Decisions, IV

Feb 20, 2006 20:09

Here's the truth: law school scares the living daylights out of me. I don't know if I have the academic drive anymore. I don't know if I'm up to the emotional strain. I don't know if I ever want to pull an all-nighter again for the rest of my life for anything less than another person. That's what made my last year or so of college so frustrating: Who benefits from this? Apparently me and I don't feel like it's worth it anymore. I don't know if I want to risk the strain it would place on personal relationships that are so dear to me right now. I know I foresee more contentment in family life than career life, and the examples of attorneys with admirable family lives and ethical integrity are hard to come by.

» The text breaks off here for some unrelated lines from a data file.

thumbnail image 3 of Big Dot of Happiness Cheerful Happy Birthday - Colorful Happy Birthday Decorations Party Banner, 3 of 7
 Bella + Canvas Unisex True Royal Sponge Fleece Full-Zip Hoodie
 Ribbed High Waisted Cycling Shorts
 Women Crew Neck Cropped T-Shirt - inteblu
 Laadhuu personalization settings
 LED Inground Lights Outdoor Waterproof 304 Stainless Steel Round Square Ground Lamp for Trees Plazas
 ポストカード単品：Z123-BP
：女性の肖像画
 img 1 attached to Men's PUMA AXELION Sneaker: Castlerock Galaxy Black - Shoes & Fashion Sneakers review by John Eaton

Yet, I have culled a mind for it. I love assembling and dissembling arguments. I trounce on words that try to qualify an idea without reasonable logical deductions and viable evidence. Reaching the penultimate, black-and-white conclusion of a smeary, grey conundrum is thrilling. My spine feels tingly just at the thought of it.

What does this all mean? I need a heck of a lot more distance from Olaf or [nearly] anyone I ever knew there before I start putting my pen or keyboard fingers to a law school application. And I sure as he---aven need to cling close to everything that feels right in life right now before I even think of setting one speck of it aside for something that fills me with comparative dread.